Yeah, let’s just say I’m looking forward to Larry 6 far more than I am this one. Generally, when it comes to playing Jim Walls’s games, I feel a lot like Larry . . .
Well, this got dark fast.
But how bad can it be, right?


Blue Force was created by Tsunami Media, Inc., a game company founded in 1991 by some disgruntled former employees of Sierra On-Line (all of the gruntled ones stayed). Former Sierra Chief Financial Officer Edmond Heinbockel started Tsunami in 1991 and—here comes a tangent!—boy, did Mr. Heinbockel get out of Sierra while the going was good. Have you read Sierra founder Ken Williams’s book Not All Fairy Tales Have Happy Endings: The Rise and Fall of Sierra On-Line, published in 2020? It’s great, and it details the kind of financial shenanigans that did Sierra in in the late 1990s. Fraud, deceit, overreach . . . it’s really interesting stuff that would make a great movie a la Margin Call or The Wolf of Wall Street. I highly recommend you check it out if you’re into the history of Sierra and computer gaming generally. Did you know that Ken Williams turned down the opportunity to buy id Software (the makers of a little game you might have heard of called Doom) and declined the chance to go into business with a short, bald guy who runs the world and a major American newspaper named Jeff Bezos? He also basically invented multiplayer gaming as we know it via this new thing called the Internet before the technology was available. No fooling!

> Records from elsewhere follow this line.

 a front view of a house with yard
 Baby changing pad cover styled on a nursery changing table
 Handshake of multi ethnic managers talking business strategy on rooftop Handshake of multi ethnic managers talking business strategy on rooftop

Anyway, Tsunami created a number of games. According to MobyGames, these include the following:
  • Free Enterprise (1996)
  • Silent Steel (1995)
  • Man Enough (1994)
  • Return to Ringworld (1994)
  • Flash Traffic: City of Angels (1994)
  • Geekwad: Games of the Galaxy, The (1993)
  • Blue Force (1993)
  • Protostar: War on the Frontier (1993)
  • Wacky Funsters! The Geekwad’s Guide to Gaming (1992)
  • Ringworld: Revenge of the Patriarch (1992)
Man Enough sounds like the title of a Larry game, doesn’t it? Come to think of it, so does Silent Steel. Heck, even Flash Traffic does. Maybe even Wacky Funsters!

Okay, I’ll stop.

In Blue Force, the player takes control of rookie cop Jake Ryan, whose father was killed in the line of duty. From the back of the box:
Ryan Double Homicide
Case Status: Unsolved
Recommended Source: Lyle Jamison

Attending Officer’s Comments:
Thursday, June 14, 1983. At approximately 10:00 P.M., Lieutenant John Ryan and his wife were brutally murdered in their home. Both victims were pronounced dead at the scene, having suffered multiple gunshot wounds. There are no suspects at this time. The Ryans are survived by their only son, Jake.

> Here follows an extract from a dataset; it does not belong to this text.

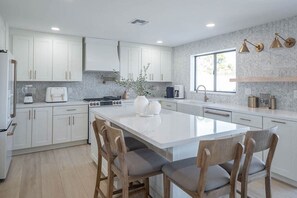 Kitchen includes a nespresso machine, air fryer, blender & also traditional coffee maker.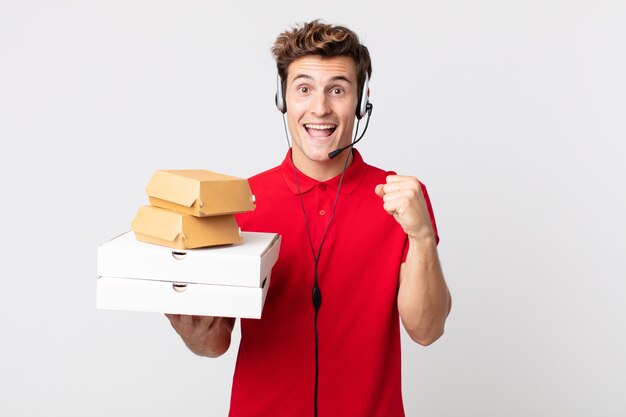 Young handsome man feeling shocked,laughing and celebrating success. take away fast food concept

You are Jake Ryan, rookie motorcycle cop. Ten years have passed since the unsolved murder of your parents, but threads of evidence still exist. Teamed with your father’s partner, you begin to weave the all but forgotten strands together. As your past comes into focus, the line between justice and vengeance begins to blur. Will the truth force you over the line?

BLUE FORCE . . . the only way you’ll know!
Pretty intense, if standard, police genre fare. But the premise sounds intriguing.

The box also advertises the following GAME FEATURES:
  • Smooth animation through the use of fully digitized actors.
  • Quick reaction interface gives you the speed you’ll need to survive high-pressure situations.
  • Authentic police procedures help guide your investigations.
  • Digitized sound effects and dynamic original music provide pulse-pounding excitement
  • True-to-life action, intrigue, suspect arrests, and gunfights.
  • Challenging, multi-layered gameplay.
I’m not going to lie: “Authentic police procedures” has me a bit worried that this’ll be another Manual: The Game. Let’s hope I’m wrong!

The music was composed by Ken Allen, whose other credits include, among other things, Descent, Mixed-Up Mother Goose, Castle of Dr. Brain, Space Quest I: The Sarien Encounter (1990 remake), Space Quest IV: Roger Wilco and the Time Rippers, King’s Quest I: Quest for the Crown (1990 remake), King’s Quest V: Absence Makes the Heart Go Yonder, and The Colonel’s Bequest. Hey, I’ve played all of those! They have great music! What a pedigree! Mr. Allen also did a little voice acting. Here’s an interview with him from February of this year.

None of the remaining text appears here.